The Apple II was also notable for its colorful graphics. It was one of the first computers to support color display, offering a 6-color palette with a resolution of 280x192 pixels in 16 colors when using its Color Graphics Card. This feature significantly enhanced the visual appeal of games and educational software developed for the platform, making computing more accessible and entertaining for various audiences.

Apple's commitment to user experience was evident in the design of the machine. It featured an integrated keyboard and a plastic case, which was both durable and visually appealing. The self-contained design included drive bays for floppy disk drives, allowing for quicker data access than traditional tape drives. It also supported audio output, enabling sound effects and music, a novelty at the time.

The introduction of the Apple DOS operating system further underscored the machine's capabilities. DOS streamlined file management and made it easier for users to navigate and manage their data. The combination of hardware and software positioned the Apple II as an educational tool and a gaming platform, fostering a vibrant software ecosystem.

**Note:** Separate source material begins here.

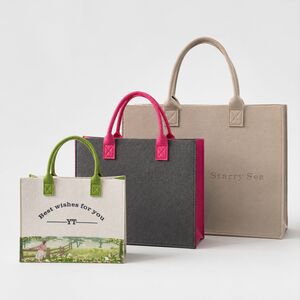 three felt bags in beige gray and white with green handles showcasing X-stitch detail and custom printing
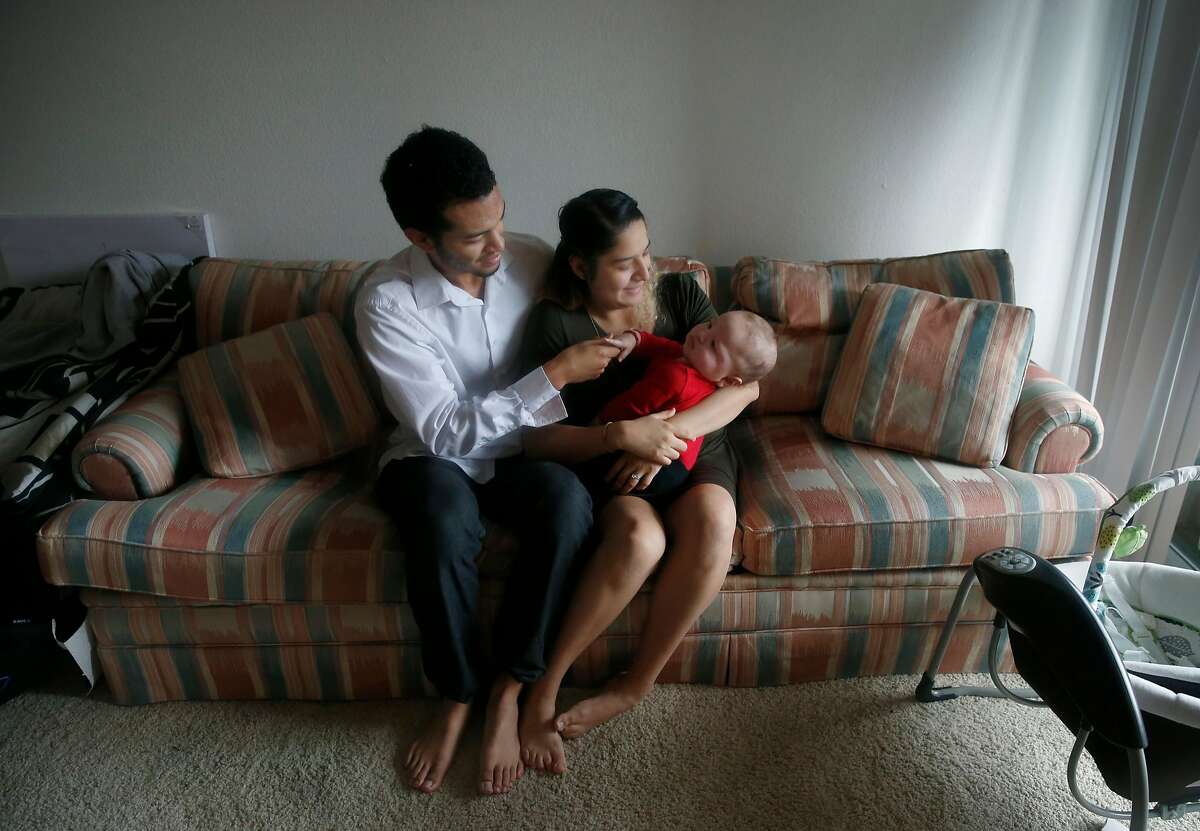 Justin Watson and his wife Citlali Gonzalez-Watson hold 6-month-old son Daniel at their new apartment in Milpitas, Calif. on Friday, Dec. 21, 2018.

The Apple II family continued to evolve, with variations like the Apple II+, IIe, and IIgs being introduced over the years. These iterations brought enhancements in memory, processing power, and graphics capabilities. The legacy of the Apple II endures, not only as a foundational product in personal computing but also as a symbol of innovation that paved the way for future advancements in technology. Its impact is still felt today, as it inspired countless developers and shaped the trajectory of the computer industry.